# [Work request]
Give back the entries exactly, ending with the "B&B Hotel Muenchen-Trudering" line.

===

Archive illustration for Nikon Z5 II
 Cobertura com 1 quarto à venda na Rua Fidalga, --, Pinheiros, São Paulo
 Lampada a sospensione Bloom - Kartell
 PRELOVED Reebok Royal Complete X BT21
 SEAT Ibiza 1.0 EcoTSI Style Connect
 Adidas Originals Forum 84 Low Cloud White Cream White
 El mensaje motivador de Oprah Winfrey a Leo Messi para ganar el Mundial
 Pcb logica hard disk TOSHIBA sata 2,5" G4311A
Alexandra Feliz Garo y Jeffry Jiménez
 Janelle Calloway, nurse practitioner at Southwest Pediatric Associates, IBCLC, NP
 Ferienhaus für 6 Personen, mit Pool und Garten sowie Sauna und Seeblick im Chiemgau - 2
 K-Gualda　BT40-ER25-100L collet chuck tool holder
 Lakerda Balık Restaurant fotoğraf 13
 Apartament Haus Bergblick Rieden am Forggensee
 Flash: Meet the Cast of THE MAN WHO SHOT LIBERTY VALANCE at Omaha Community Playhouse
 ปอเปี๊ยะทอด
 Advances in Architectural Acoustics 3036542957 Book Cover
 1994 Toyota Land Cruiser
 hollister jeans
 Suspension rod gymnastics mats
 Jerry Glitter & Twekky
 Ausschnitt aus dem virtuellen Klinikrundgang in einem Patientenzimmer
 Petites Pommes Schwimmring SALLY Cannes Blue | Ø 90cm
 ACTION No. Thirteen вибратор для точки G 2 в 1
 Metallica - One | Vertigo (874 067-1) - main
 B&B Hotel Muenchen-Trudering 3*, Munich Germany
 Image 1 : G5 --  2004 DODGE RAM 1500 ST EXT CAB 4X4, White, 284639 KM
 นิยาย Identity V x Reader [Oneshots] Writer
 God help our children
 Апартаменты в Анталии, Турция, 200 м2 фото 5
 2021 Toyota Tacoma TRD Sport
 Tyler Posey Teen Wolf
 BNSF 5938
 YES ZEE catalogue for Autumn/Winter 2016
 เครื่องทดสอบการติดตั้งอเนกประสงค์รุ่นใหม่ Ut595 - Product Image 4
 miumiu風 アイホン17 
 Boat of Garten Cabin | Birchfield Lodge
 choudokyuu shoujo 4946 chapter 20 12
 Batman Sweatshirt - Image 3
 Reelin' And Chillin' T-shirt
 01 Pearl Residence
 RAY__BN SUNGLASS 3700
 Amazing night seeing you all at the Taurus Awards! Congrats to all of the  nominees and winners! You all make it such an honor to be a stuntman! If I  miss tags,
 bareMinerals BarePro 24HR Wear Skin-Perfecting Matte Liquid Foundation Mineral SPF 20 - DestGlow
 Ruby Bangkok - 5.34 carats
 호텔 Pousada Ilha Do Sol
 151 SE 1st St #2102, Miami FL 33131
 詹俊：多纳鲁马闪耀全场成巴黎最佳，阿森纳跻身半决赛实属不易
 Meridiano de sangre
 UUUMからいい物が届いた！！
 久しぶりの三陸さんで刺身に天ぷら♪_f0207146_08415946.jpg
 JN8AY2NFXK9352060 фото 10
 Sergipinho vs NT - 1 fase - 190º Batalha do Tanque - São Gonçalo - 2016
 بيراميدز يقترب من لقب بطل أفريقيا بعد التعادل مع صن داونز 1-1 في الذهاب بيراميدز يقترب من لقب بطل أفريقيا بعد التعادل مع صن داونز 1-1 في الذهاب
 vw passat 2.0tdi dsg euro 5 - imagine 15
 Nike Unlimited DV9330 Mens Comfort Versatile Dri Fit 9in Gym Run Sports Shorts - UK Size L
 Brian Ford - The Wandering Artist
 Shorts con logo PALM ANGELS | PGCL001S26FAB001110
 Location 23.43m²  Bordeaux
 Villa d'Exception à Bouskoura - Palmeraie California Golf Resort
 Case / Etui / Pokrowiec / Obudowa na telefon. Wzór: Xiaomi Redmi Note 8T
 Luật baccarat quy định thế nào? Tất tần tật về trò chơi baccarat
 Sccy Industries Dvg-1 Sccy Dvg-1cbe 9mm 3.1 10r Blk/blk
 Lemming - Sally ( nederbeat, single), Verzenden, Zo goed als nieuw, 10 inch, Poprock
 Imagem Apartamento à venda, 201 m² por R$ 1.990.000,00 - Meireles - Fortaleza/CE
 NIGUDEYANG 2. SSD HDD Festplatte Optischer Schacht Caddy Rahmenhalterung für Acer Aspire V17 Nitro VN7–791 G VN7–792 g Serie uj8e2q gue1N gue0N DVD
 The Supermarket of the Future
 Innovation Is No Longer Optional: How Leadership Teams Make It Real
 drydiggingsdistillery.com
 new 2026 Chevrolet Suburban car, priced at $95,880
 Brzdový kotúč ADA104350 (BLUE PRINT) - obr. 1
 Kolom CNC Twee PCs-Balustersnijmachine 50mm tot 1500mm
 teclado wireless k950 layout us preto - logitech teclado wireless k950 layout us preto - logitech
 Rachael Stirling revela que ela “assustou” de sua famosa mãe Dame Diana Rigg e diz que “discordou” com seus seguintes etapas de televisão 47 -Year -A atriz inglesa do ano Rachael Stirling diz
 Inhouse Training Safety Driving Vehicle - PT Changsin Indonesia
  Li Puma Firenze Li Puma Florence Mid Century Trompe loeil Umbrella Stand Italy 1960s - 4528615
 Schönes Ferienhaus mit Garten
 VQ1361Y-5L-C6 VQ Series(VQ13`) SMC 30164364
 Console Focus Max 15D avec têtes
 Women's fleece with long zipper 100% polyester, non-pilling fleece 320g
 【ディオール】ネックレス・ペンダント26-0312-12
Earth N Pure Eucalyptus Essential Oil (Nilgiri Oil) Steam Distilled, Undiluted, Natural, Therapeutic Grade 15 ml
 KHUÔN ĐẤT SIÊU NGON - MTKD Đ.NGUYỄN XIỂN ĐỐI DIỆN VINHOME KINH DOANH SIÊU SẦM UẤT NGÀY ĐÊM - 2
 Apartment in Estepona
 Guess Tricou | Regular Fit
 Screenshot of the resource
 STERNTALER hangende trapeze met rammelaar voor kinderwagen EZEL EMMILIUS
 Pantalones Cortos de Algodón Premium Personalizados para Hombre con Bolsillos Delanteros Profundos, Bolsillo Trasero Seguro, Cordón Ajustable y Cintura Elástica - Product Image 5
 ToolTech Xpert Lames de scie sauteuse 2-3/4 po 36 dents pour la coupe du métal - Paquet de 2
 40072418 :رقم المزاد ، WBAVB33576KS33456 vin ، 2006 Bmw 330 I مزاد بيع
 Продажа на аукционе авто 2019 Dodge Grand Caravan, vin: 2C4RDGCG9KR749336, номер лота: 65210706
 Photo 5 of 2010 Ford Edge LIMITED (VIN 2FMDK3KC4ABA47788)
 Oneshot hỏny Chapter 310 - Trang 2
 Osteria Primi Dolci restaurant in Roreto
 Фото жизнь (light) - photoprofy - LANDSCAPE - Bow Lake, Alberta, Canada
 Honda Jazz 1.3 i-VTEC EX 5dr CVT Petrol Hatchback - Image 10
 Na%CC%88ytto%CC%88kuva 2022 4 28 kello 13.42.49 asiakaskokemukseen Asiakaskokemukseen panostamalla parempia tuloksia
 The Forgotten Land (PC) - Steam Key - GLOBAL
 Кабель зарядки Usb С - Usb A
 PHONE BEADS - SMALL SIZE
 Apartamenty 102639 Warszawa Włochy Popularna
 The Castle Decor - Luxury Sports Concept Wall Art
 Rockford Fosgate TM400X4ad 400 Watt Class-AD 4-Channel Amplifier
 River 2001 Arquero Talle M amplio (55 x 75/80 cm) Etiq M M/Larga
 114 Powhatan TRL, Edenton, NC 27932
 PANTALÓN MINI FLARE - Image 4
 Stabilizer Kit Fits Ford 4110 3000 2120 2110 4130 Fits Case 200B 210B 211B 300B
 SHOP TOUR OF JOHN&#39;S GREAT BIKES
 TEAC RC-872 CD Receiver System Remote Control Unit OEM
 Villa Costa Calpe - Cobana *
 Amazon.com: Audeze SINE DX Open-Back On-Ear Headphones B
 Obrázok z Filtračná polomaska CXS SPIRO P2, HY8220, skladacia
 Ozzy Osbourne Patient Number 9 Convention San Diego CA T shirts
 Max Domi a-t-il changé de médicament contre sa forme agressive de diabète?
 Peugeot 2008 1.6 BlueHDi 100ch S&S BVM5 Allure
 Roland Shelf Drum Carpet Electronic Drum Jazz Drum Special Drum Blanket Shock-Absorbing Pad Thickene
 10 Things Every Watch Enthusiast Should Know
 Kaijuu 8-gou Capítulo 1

===

# [Solution to the exercise]
Archive illustration for Nikon Z5 II
 Cobertura com 1 quarto à venda na Rua Fidalga, --, Pinheiros, São Paulo
 Lampada a sospensione Bloom - Kartell
 PRELOVED Reebok Royal Complete X BT21
 SEAT Ibiza 1.0 EcoTSI Style Connect
 Adidas Originals Forum 84 Low Cloud White Cream White
 El mensaje motivador de Oprah Winfrey a Leo Messi para ganar el Mundial
 Pcb logica hard disk TOSHIBA sata 2,5" G4311A
Alexandra Feliz Garo y Jeffry Jiménez
 Janelle Calloway, nurse practitioner at Southwest Pediatric Associates, IBCLC, NP
 Ferienhaus für 6 Personen, mit Pool und Garten sowie Sauna und Seeblick im Chiemgau - 2
 K-Gualda　BT40-ER25-100L collet chuck tool holder
 Lakerda Balık Restaurant fotoğraf 13
 Apartament Haus Bergblick Rieden am Forggensee
 Flash: Meet the Cast of THE MAN WHO SHOT LIBERTY VALANCE at Omaha Community Playhouse
 ปอเปี๊ยะทอด
 Advances in Architectural Acoustics 3036542957 Book Cover
 1994 Toyota Land Cruiser
 hollister jeans
 Suspension rod gymnastics mats
 Jerry Glitter & Twekky
 Ausschnitt aus dem virtuellen Klinikrundgang in einem Patientenzimmer
 Petites Pommes Schwimmring SALLY Cannes Blue | Ø 90cm
 ACTION No. Thirteen вибратор для точки G 2 в 1
 Metallica - One | Vertigo (874 067-1) - main
 B&B Hotel Muenchen-Trudering 3*, Munich Germany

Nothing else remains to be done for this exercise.